Dan setiap disertai argumen teknis, padahal, rakyat yang tak pernah di birokrasi, yang melihat segala hal dari jauh, hanya akan tahu hal-hal abstrak dan teoritis. Pendiriannya mudah roboh oleh argumen teknis yang lebih dalam.
Rakyat mudah bicara idealis, tapi bagaimana yang idealis itu ditaruh dalam bahasa birokrasi, pasti kurang paham. Bagaimana menempatkan kemuliaan ide besar ke dalam bahasa program, dan proyek, agar 'romantisme' membela 'rakyat' miskin tak justru terjebak ke dalam kesukaran hukum yang bisa menyeretnya ke pengadilan? Mereka tak terlalu paham.

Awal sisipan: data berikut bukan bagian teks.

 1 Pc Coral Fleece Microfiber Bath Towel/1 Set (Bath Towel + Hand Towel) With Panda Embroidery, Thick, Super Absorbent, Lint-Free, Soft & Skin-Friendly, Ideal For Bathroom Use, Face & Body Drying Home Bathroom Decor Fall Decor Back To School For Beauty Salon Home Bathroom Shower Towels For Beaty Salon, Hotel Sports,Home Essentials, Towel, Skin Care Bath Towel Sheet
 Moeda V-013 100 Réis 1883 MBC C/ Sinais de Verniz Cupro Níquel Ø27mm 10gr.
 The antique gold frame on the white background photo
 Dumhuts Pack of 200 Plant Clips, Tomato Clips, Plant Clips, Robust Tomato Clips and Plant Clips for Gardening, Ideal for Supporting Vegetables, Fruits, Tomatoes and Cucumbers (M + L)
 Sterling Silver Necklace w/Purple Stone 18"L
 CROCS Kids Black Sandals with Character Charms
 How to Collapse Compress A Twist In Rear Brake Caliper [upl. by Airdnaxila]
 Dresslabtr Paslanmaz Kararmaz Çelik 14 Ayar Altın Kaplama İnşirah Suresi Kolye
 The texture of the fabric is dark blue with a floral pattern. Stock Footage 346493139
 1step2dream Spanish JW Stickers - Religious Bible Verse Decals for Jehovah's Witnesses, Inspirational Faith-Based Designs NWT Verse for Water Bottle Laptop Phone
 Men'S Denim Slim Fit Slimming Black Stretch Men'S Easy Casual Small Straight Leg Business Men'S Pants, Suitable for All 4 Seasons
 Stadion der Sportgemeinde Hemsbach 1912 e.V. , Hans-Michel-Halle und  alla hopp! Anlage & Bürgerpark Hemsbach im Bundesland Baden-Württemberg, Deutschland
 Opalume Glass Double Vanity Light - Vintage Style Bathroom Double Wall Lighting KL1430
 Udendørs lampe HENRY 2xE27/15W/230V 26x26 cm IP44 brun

Dengan kata lain, suara rakyat suara Tuhan, sering diisi hal-hal yang kurang cermat, kurang mendasar, kurang sopan, dan kurang bijak, karena anggapan, pejabat hanya 'tikus bisu'. Namun, pejabat memang sering njelehi--membosankan--karena normatif, sok kuasa, sok raja, dan kadang sok intelek. Banyak pula yang sinis, dan tak ada niat baik melakukan koreksi diri. Relasi kekuasaan 'rakyat-pejabat' tak dilandasi mutual respect dan tak mengandung mutual trust. Kritik dianggap angin lalu.
Pemimpin sejati, ksatria sejati?
Semua pihak patut belajar lagi berkomunikasi secara sehat. Demokrasi hanya berkembang dalam jiwa dan struktur sosial yang juga sehat. Kita masih sedang memanggul misi suci character building yang sejak lama terlantar. Ego rakyat dan pejabat yang bertabrakan terus-menerus mahal biayanya, dan merugikan bangsa.
Kelihatannya, zaman ini menuntut, pejabat harus lebih sensitif. Ada saat ketika dia harus menjadi tikus tuli. Tak usah banyak bicara. Tak perlu reaktif, tak perlu berdebat. Senang--dalam etika Jawa--tak perlu tetembangan--bernyanyi-nyanyi. Ini zaman--kata Takdir Ali Sjahbana--tak putus dirundung malang. Sedih pun tak perlu tetangisan, karena pemimpin yang ksatria sejati pantang menangis. Apalagi begitu dramatis, di depan media.
Semua pejabat patut mengingat, jabatan hanya sementara. Kelak, biar pun bukan suara Tuhan, kita akan merasakan, suara rakyat itu suara kita sendiri. Maka, biarpun memang berkuasa, suara rakyat jangan pernah dianggap sekadar angin lalu.